Keep the fire-place neat, and always wash all articles and put them in order as soon as they are out of use. A sick person has nothing to do but look about the room; and when every thing is neat and in order, a feeling of comfort is induced, while disorder, filth, and neglect are constant objects of annoyance which, if not complained of, are yet felt.
One very important particular in the case of those who are delicate in constitution, as well as in the case of the sick, is the preservation of warmth, especially in the hands and the feet. The equal circulation of the blood is an important element for good health, and this is impossible when the extremities are habitually or frequently cold. It is owing to this fact that the coldness caused by wetting the feet is so injurious. In cases where disease or a weak constitution causes a feeble or imperfect circulation, great pains should be taken to dress the feet and hands warmly, especially around the wrists and ankles, where the blood-vessels are nearest to the surface and thus most exposed to cold. Warm elastic wristlets and anklets would save many a feeble person from increasing decay or disease.

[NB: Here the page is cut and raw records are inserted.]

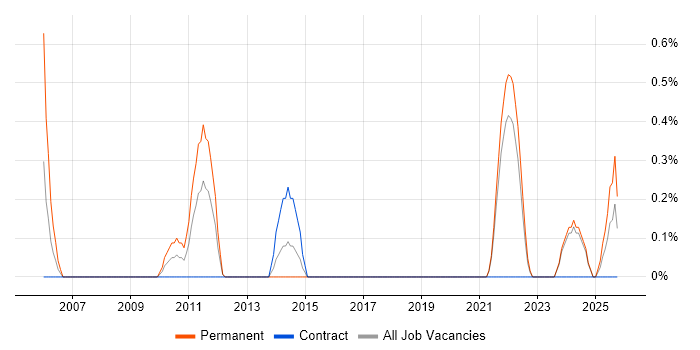 Product Marketing job vacancy trend in Northern Ireland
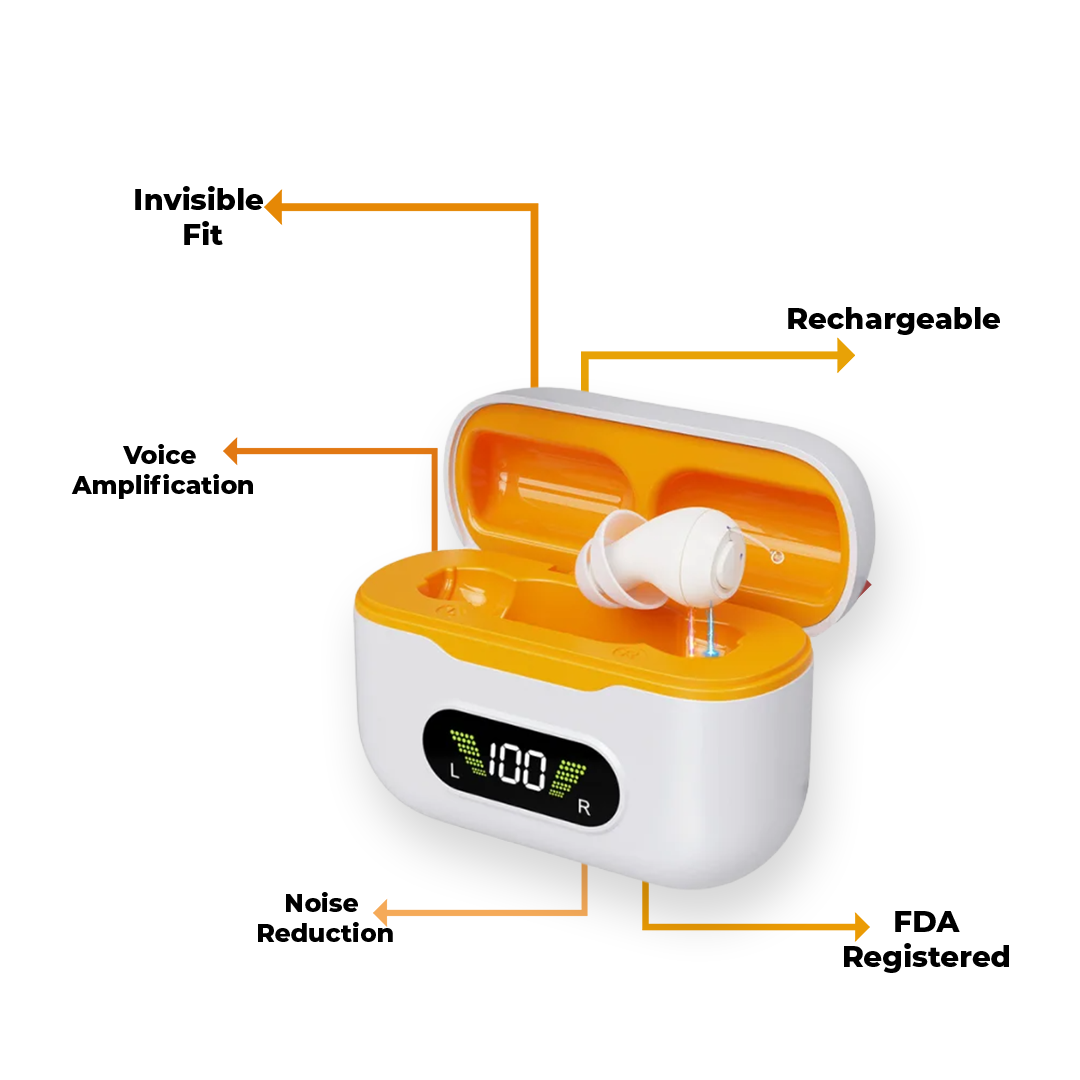 Meet Menpure Ultra Hearing Aid Invisible, Your Everyday Hearing Solution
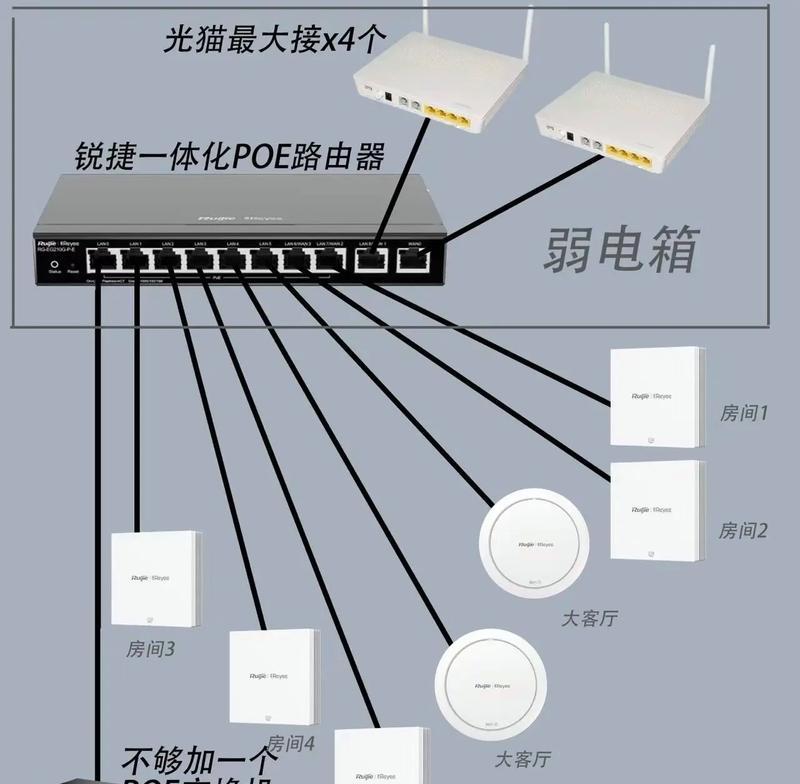锐捷路由器配置教程详解（从零开始）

When the circulation is feeble from debility or disease, the union of carbon and oxygen in the capillaries is slower than in health, and therefore care should be taken to preserve the heat thus generated by warm clothing and protec-tion from cold draughts. In nervous debility it is peculiarly important to preserve the animal heat, for its excessive loss especially affects weak nerves. Many an invalid is carelessly and habitually suffering cold feet, who would recover health by proper care to preserve animal heat, especially in the extremities. Hot fomentations in most cases will be as good as a blister, less painful, and safer.